Hayden’s List Hurdles



By: Regina Tingle

Like any new venture Hayden’s List is facing challenges. Our biggest challenge so far? Getting people to leave reviews. Sure, there are loads of people leaving reviews but the truth is, lots of people who believe in what we’re doing and who are vocal, supporting members of the LGBT community say they’re very excited to leave a review and then just don’t. We wanted to know why so we’ve asked around and received good feedback. Here are the reasons why people aren’t reviewing, including our responses:

Hurdle Number 1:
People don’t want to review a company or service provider solely based on LGBT-friendliness.
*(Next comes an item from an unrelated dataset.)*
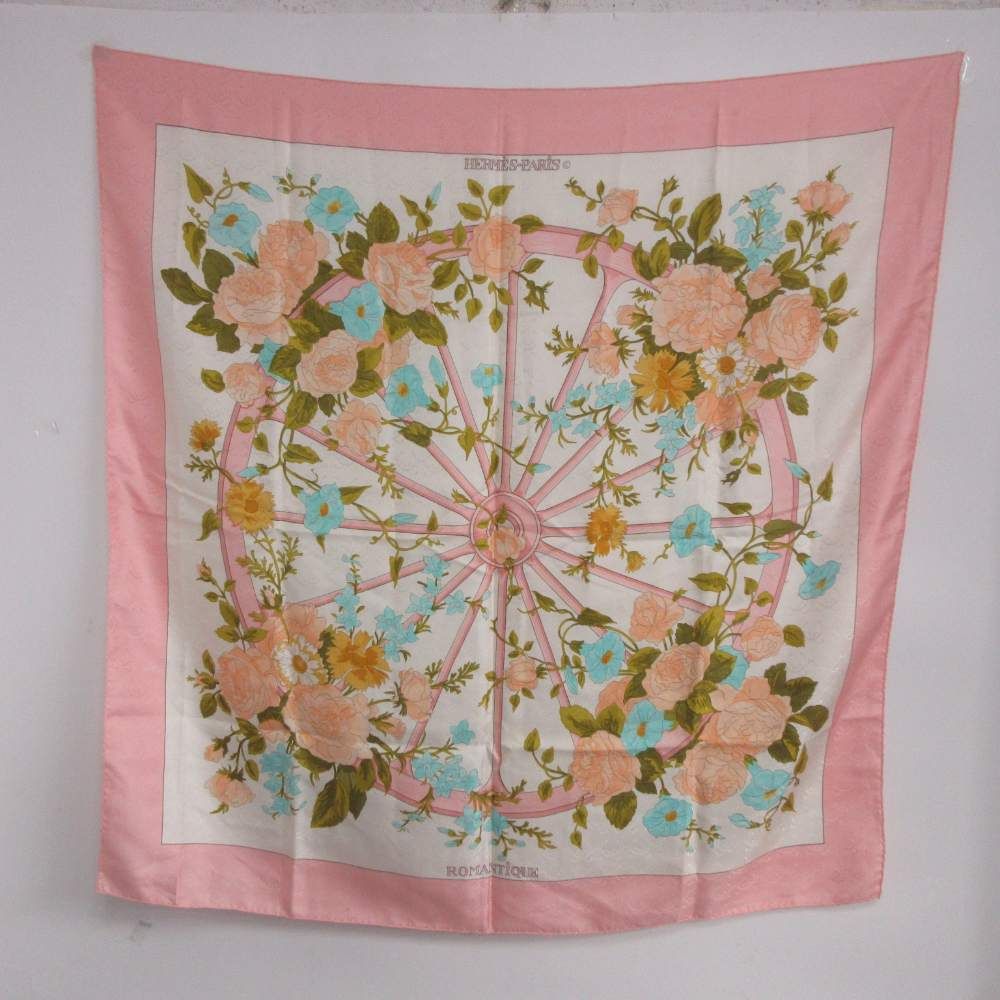 エルメス HERMES 美品 カレ90 ROMANTIQUE ロマンティック スカーフ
HL: There are a lot of good service providers out there who aren’t just providing good service to LGBT community members but to everyone. Would-be reviewers are finding they don’t want to review because they don’t want to “limit” the business. We understand this and we appreciate the open-minded attitude. The thing is, there are a lot people in the world who aren’t “out” yet or don’t plan on being “out” and would like to know where they might be treated fairly and equally regardless of their sexual orientation. Whether openly gay or lesbian, straight, male, female, asexual, trans; whichever way you identify or choose not to identify we are all Hayden’s List and this is our entire mission: we want to direct our community to those with open doors.

Hurdle Number 2:
People don’t want to “out” themselves by leaving a review.
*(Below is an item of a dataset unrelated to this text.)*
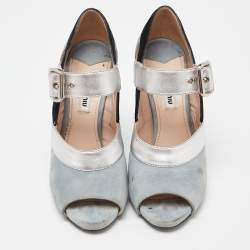 Miu Miu Tri Color Leather and Suede Bow Peep Toe Pumps Size 38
HL: You can leave a review anonymously. Hayden’s List asks your first name and email address because we must verify the authencity of the review. The information provided remains anonymous and only the review is publicized.

Hurdle Number 3:
People think it takes a long time to leave a review.

HL: Actually leaving a review takes less than a minute. Some of our best reviews are less than five words.

Hurdle Number 4:
People don’t want to inadvertedly “out” a business owner by leaving a review about how LGBT friendly they are.
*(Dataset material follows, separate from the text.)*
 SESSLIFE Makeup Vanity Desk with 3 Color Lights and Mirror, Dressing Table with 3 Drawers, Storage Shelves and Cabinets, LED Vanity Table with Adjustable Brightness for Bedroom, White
HL: One’s choice to be publicly “out” or not is a delicate matter that should be handled with respect and discretion. Reviewers should remember that just because a service provider is LGBT-friendly and is noted for being LGBT-friendly does not automatically categorize them as being openly LGBT themselves. As for worrying about “outing” to the larger community, chances are those who aren’t supportive of the LGBT movement aren’t spending much time looking at who’s reviewing and being reviewed on Hayden’s List.